22-Armée de terre : armement et matériel (85) ordre de bataille (19)

-11ème Corps d’Armée

Ce Corps d’Armée couvre le Secteur Fortifié du Jura, l’extrémité sud du Groupe d’Armées n°2. Il dispose de deux divisions d’infanterie mais également d’unités placées directement sous son commandement :

-611ème régiment de pionniers

Le Hotchkiss H-39

Le Hotchkiss H-39

-11ème Groupement de Reconnaissance de Corps d’Armée (11ème GRCA) équipé de chars légers Hotchkiss H-39 (en attendant la disponibilité des FCM-42) et d’automitrailleuses de découverte en attendant la disponibilité d’automitrailleuses puissantes.

-114ème Régiment d’Artillerie Lourde Hippomobile (114ème RALH) équipé de deux groupes de 105mm avec des 105L Schneider modèle 1936 et des groupes de 155mm avec des 155L modèle 1917.

-Des unités du génie, des transmissions, de soutien

-L’armée de l’air détache pour emploi auprès du 11ème CA du Groupe Aérien d’Observation n°511 équipé de Bloch MB-175, de Dewoitine D-720 et d’ANF-Les Mureaux ANF-123.

-La 54ème Division d’Infanterie est une division de mobilisation, de série B qui dispose de trois
régiments d’infanterie de ligne (302ème, 317ème et 330ème RI), de deux régiments d’artillerie (44ème RAD et 244ème RALD), la 654ème Batterie Divisionnaire Antichar, le 654ème Bataillon de défense antiaérienne, un bataillon du génie et diverses unités de soutien.

Elle bénéficie du soutien du 44ème Groupement de Reconnaissance de Division d’Infanterie (44ème GRDI) qui dispose de chars légers Hotchkiss H-39 et d’automitrailleuses de découverte en attendant la disponibilité d’automitrailleuses puissantes.
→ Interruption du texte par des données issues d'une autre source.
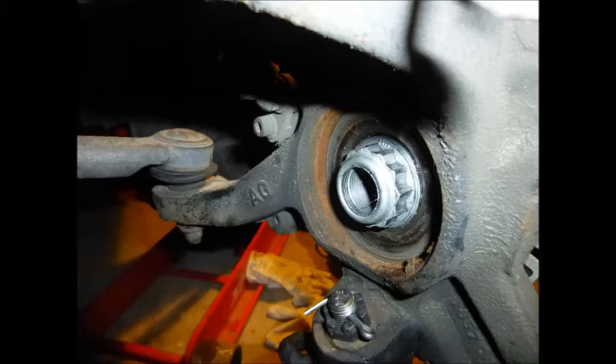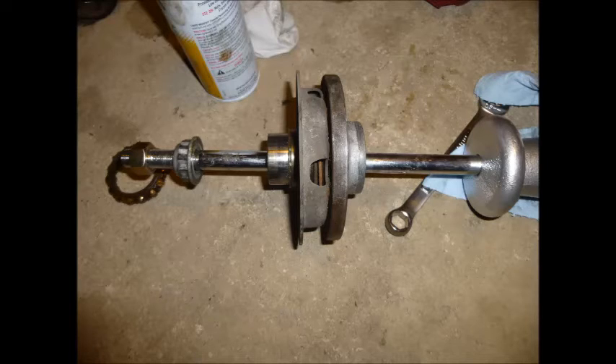Someone helpfully pointed out that you can use the old axle nut instead of one of the pusher discs from the Harbor Freight bearing remover kit. As you can see, it is a perfect fit behind the bearing and it works a beauty to get the old one out. So give that a try.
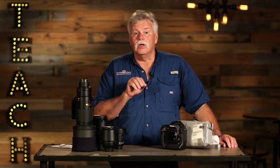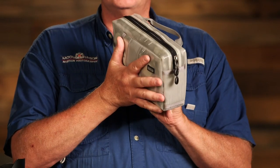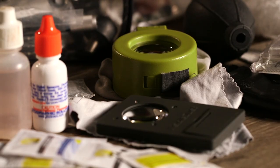How do you take care of your camera gear? Do you have a cleaning kit? What items do you need in that cleaning kit? We're going to go through all of that. What about the actual place you're going to clean your gear? Have you thought about that? It's important.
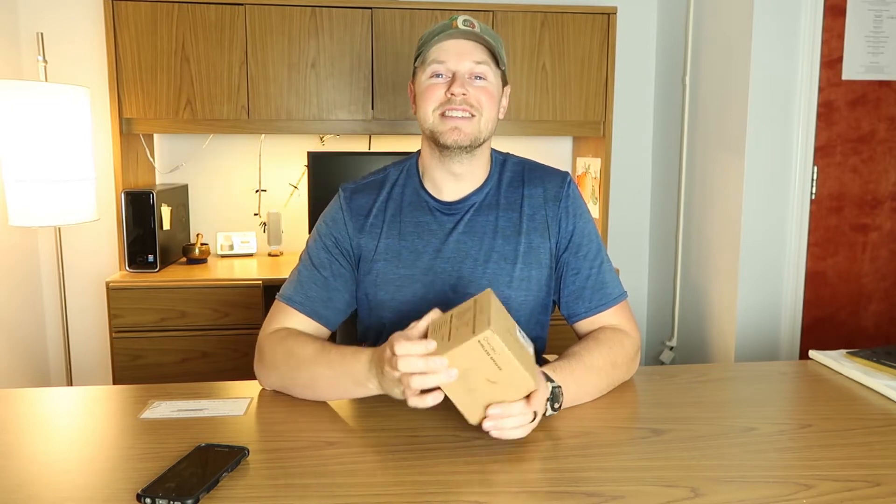Hey, I'm Seth with Landahouse. Onfuru sent me their Bluetooth wireless speaker. Let's open the box and see what's inside.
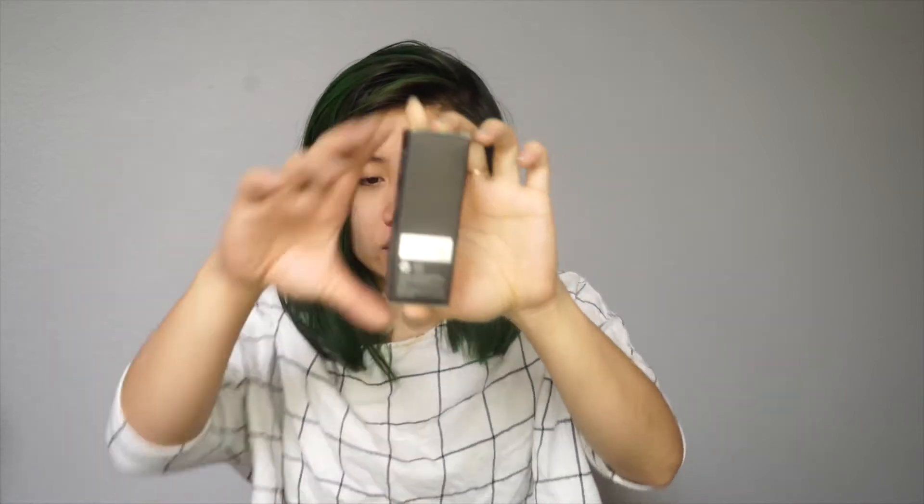I'm really excited to try this. I'm hoping I got the right shade. I didn't want to order two because I just wanted to see if this one worked first. Hopefully this works out for me, you guys.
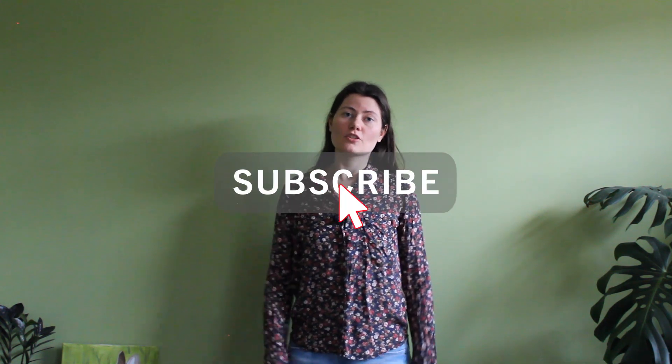It would really help me if you could subscribe to my channel and give a thumbs up to this video.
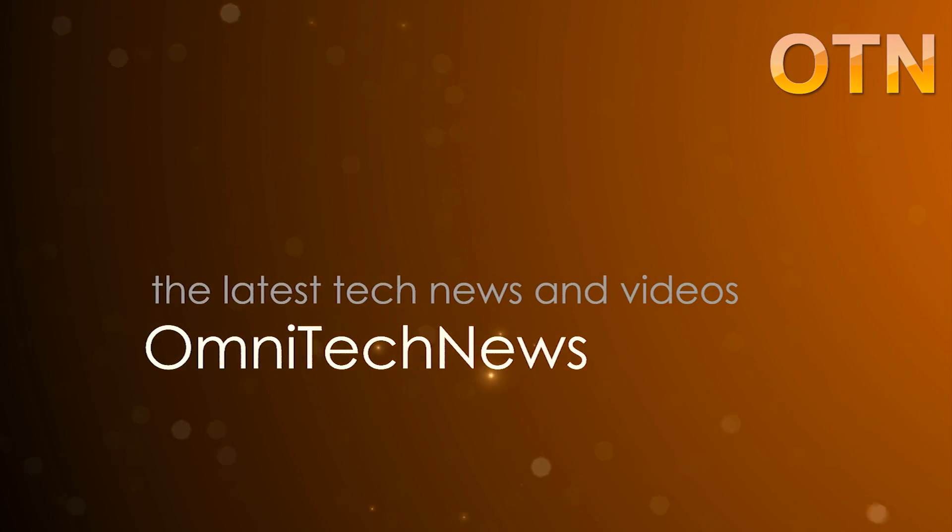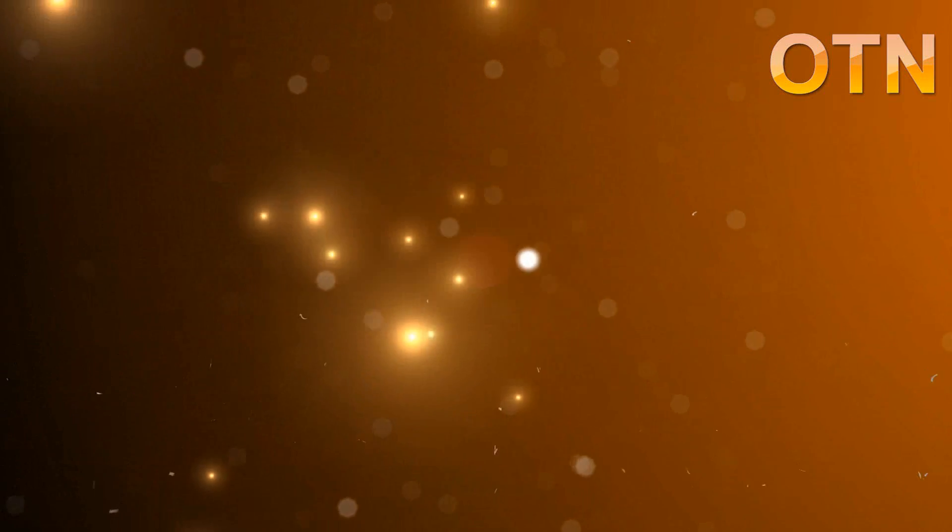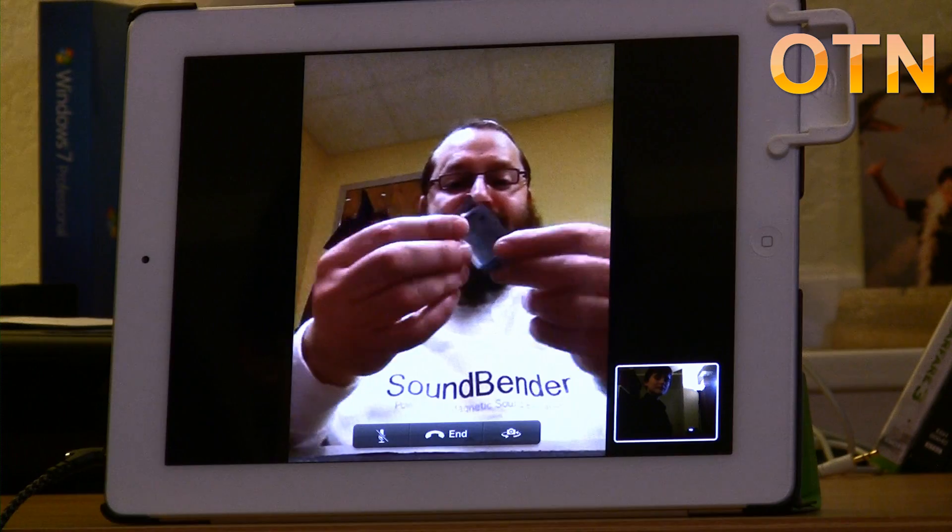Hi guys, this is Robert Clark from OmniTechNews.net and today I'm here with Moshe Weist and we're going to be taking a look at his product, the Soundbender, which is now on Kickstarter. Thank you very much for being here with me today, Moshe. Thank you very much, Robert, for having me. So what is the Soundbender? The Soundbender is an amazing sound accessory for the iPad 2. It is a magnetic sound accessory that clips onto the iPad where the speaker area is and amplifies the sound coming from the speaker.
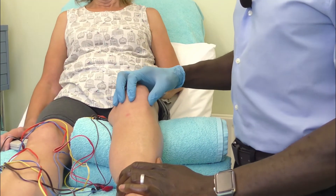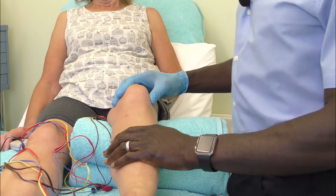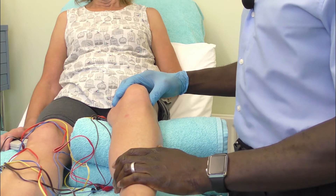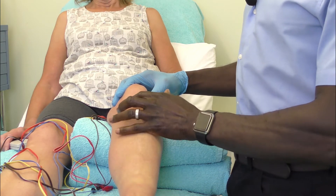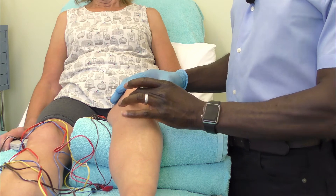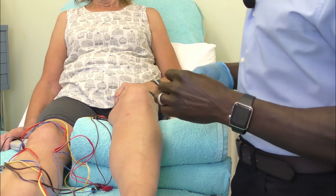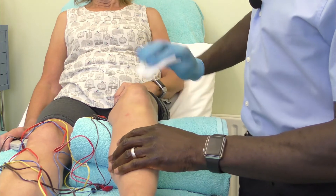So let's take a quick look at how we can go about applying the electroacupuncture. When you're treating osteoarthritic knees there are a number of points that can be used. Your main points are going to be what's called the eyes of the knee — these are the first two and most important points that you're going to start to apply.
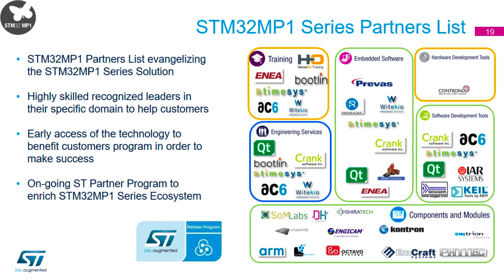Partners are increasingly important for the MP1. This is a snapshot from February — it's growing all the time. We have partners covering training, embedded software, higher-level software and engineering services, software development tools, hardware design, and SOMs and SIPs. If you need help from a particular partner, or if you're a consultant yourself and want to support people using our products, you can go to our partner program to find a partner or request registration to become an ST partner for this product.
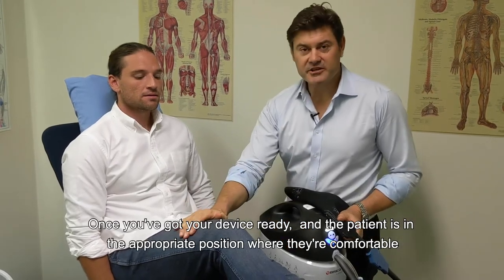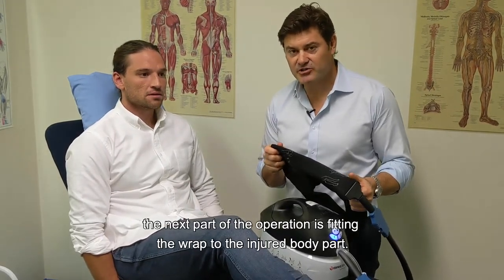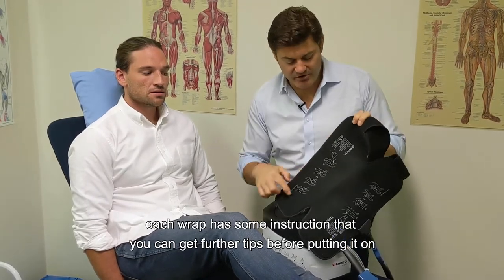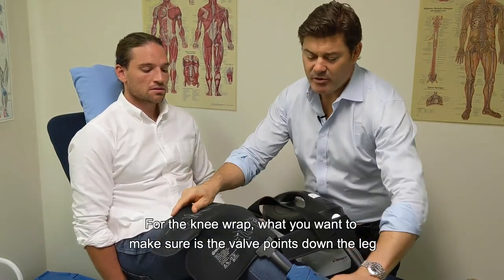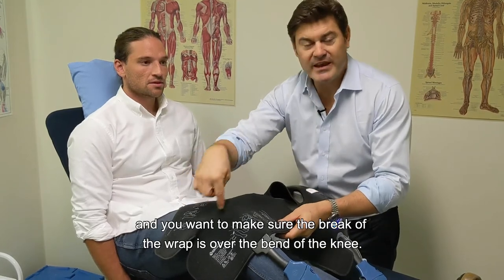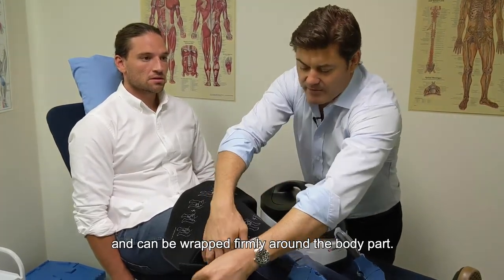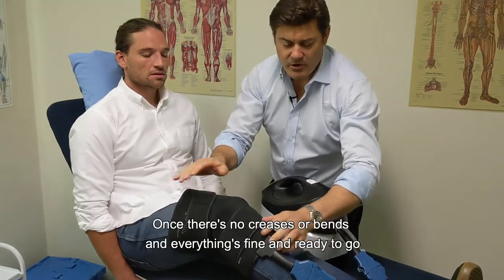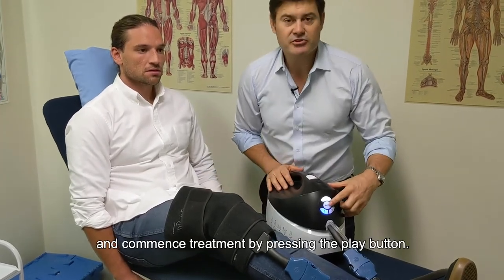Once your device is ready and your patient is comfortable, the next step is fitting the wrap to the injured body part. In this episode we have a knee wrap — each wrap includes instructions for additional guidance. For the knee wrap, make sure the valve points down the leg and that the break in the wrap sits over the bend of the knee. Ensure all velcro is out of the way, wrap it firmly around the body part, and once there are no creases or issues, come back to the machine and press play to commence treatment.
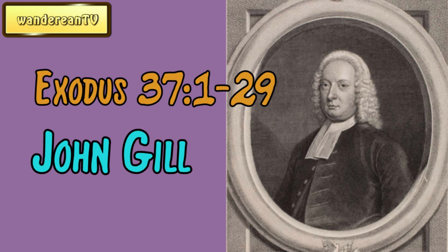And the cherubims spread out their wings on high, and covered with their wings over the mercy seat, with their faces one to another, even to the mercy seat ward were the faces of the cherubims.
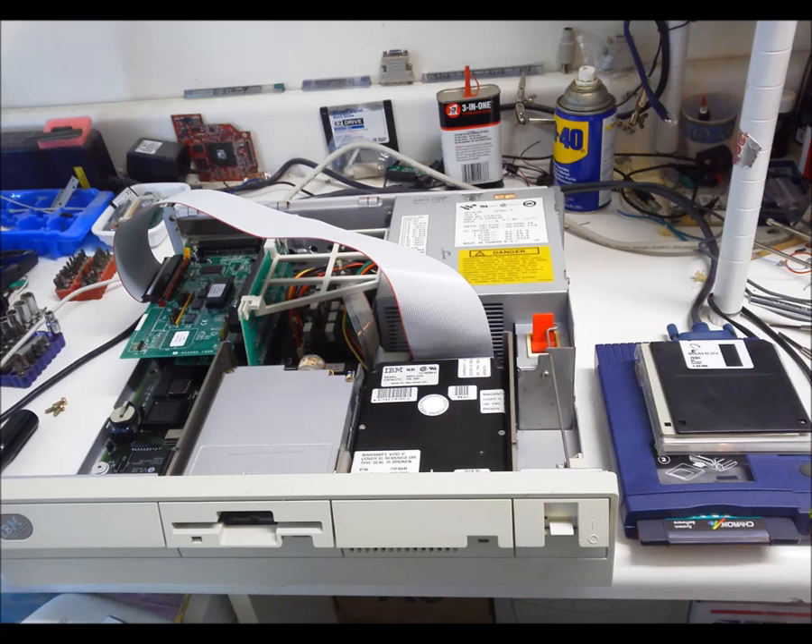In the end, the onboard video didn't work, the hard drive died, and a replacement of the same kind was expensive, and half the one meg of RAM had issues. The replacements consisted of an ISA VGA card, a SCSI controller and a drive, and only 512K of memory passes the power-on self test.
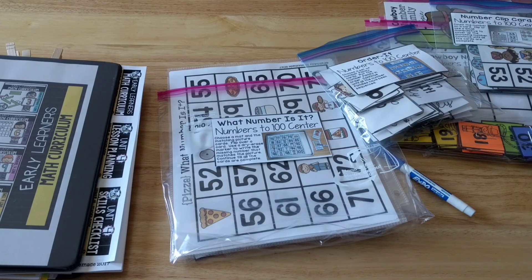Hey guys, it's Amanda here from Faithfully Homemade, and today I'm going to show you activities that you can do to teach numbers up to 100 — number order, counting numbers to 100, and all those types of things.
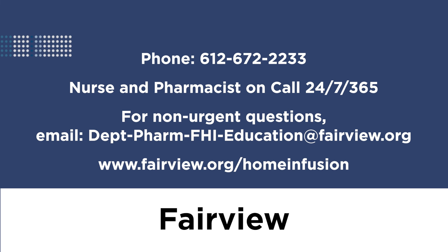We welcome your feedback. Please like this video or leave a comment below. Thank you.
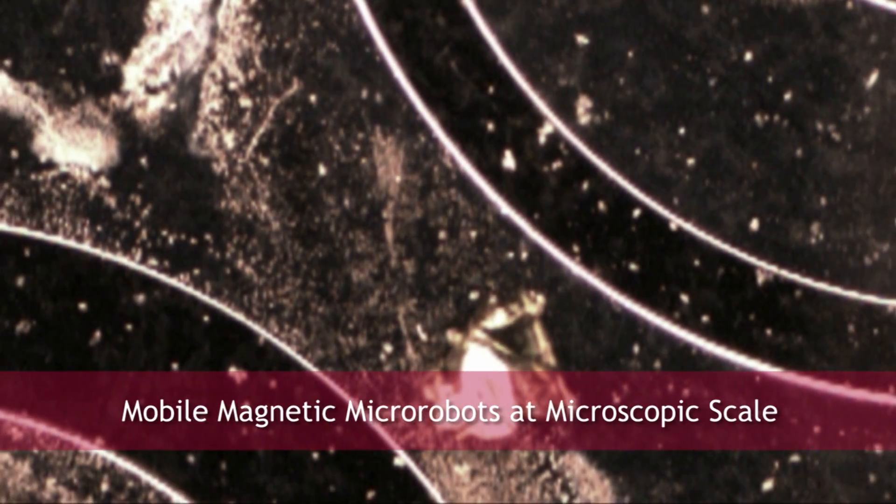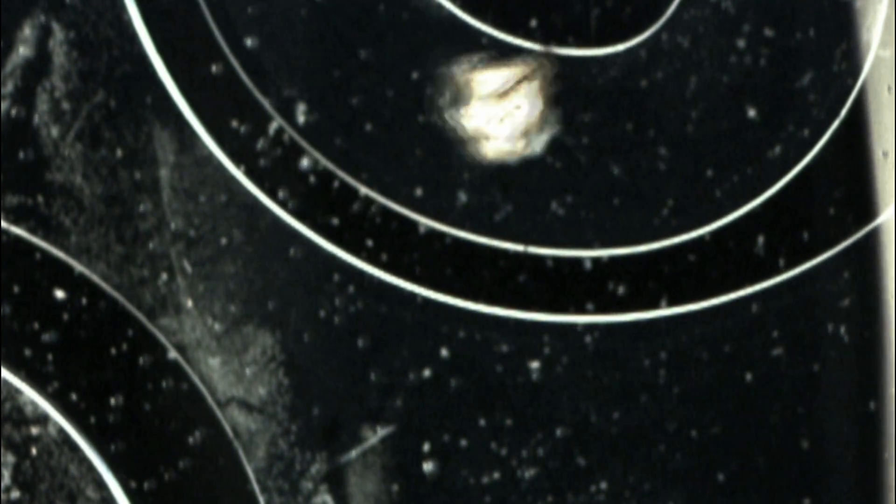These magnetic micro robots with these force sensors can be a platform for future technology innovation. A long way down the road, we can envision microsurgical tasks being carried out with these micro robots with functional end effectors, and we're pretty excited about that application.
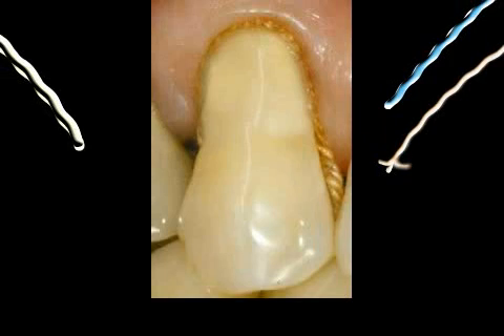The retraction thread consists of woven or twisted cotton threads of different widths. The thread is usually soaked in or reinforced by some solution which causes constriction of blood vessels, such as adrenaline, or is hemostatic, such as aluminum chloride sulfate hexachloride or hexahydrate.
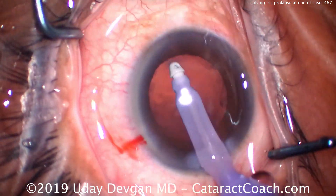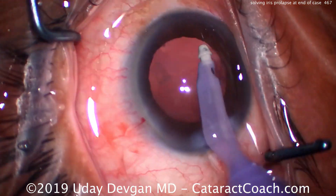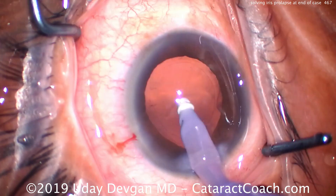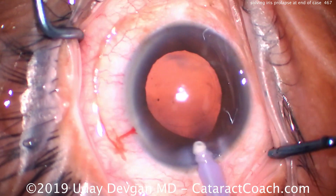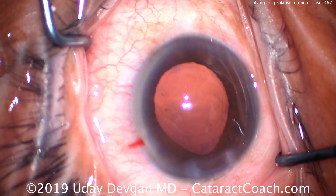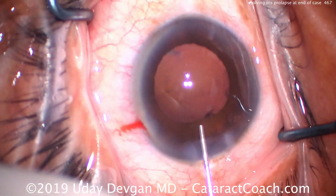Now let's go to the end of the case — cataract removed, cleaning up the capsular bag, a little bit of polishing of the anterior capsular rim. That looks great. This is where we're going to end up having a little iris prolapse. Again, cleaning up the capsular bag, polishing the rim — looks great. There's a little iris prolapse; look at the incision there.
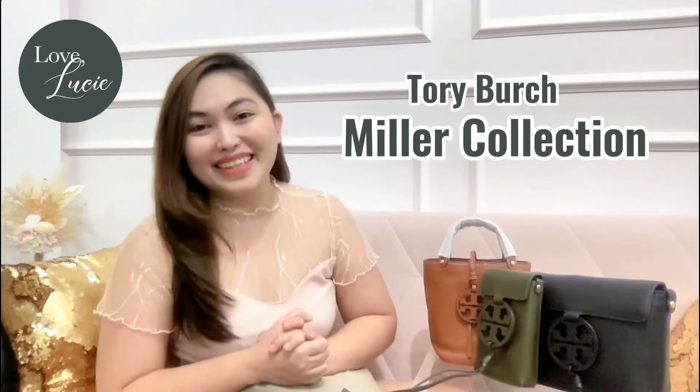Hey bag lovers! Welcome back to my channel. Today I am so excited because we are going to review this beautiful Tory Birch Miller collection. If you are also curious about these beautiful bags, please keep on watching!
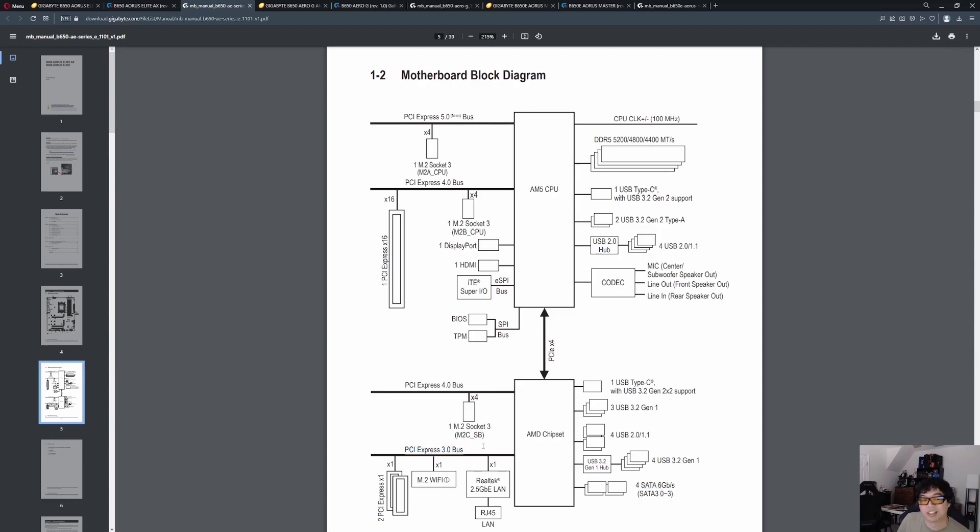So like I said, there are eight lanes total of Gen 4. Four of them go to the third M.2 drive. Gigabyte has used every single lane available to them, with the one exception that half of the 4.0 bus is only running at 3.0 speed — a cost-saving measure to avoid needing as many re-timers for 4.0. They have two x1 slots — that's two lanes — one lane for Wi-Fi, and one lane for the 2.5-gig NIC. That's four total, plus four from the M.2, accounting for all eight Gen 4 lanes. The four SATA ports use up all the Gen 3 lanes, so everything is accounted for.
-La 57ème Division d’Infanterie est une division de série B qui dispose de deux régiments d’infanterie de ligne (235ème et 261ème RI), d’un régiment d’infanterie alpine (96ème RIA); de deux régiments d’artillerie (47ème RAD et 247ème RALD), de la 657ème Batterie Divisionnaire Antichar, du 657ème Bataillon de défense antiaérienne, du 89ème bataillon du génie et de diverses unités de soutien.
Elle bénéficie également du soutien du 62ème Groupement de Reconnaissance de Division d’Infanterie (62ème GRDI) équipé de chars légers Hotchkiss H-39 et d’automitrailleuses de découverte en attendant la disponibilité d’automitrailleuses puissantes.

-27ème Corps d’Armée

A la différence de tous les corps d’armée que nous venons de voir, le 27ème CA est placé en réserve stratégique pour une possible intervention en Suisse à la demande du gouvernement helvétique en cas d’agression allemande.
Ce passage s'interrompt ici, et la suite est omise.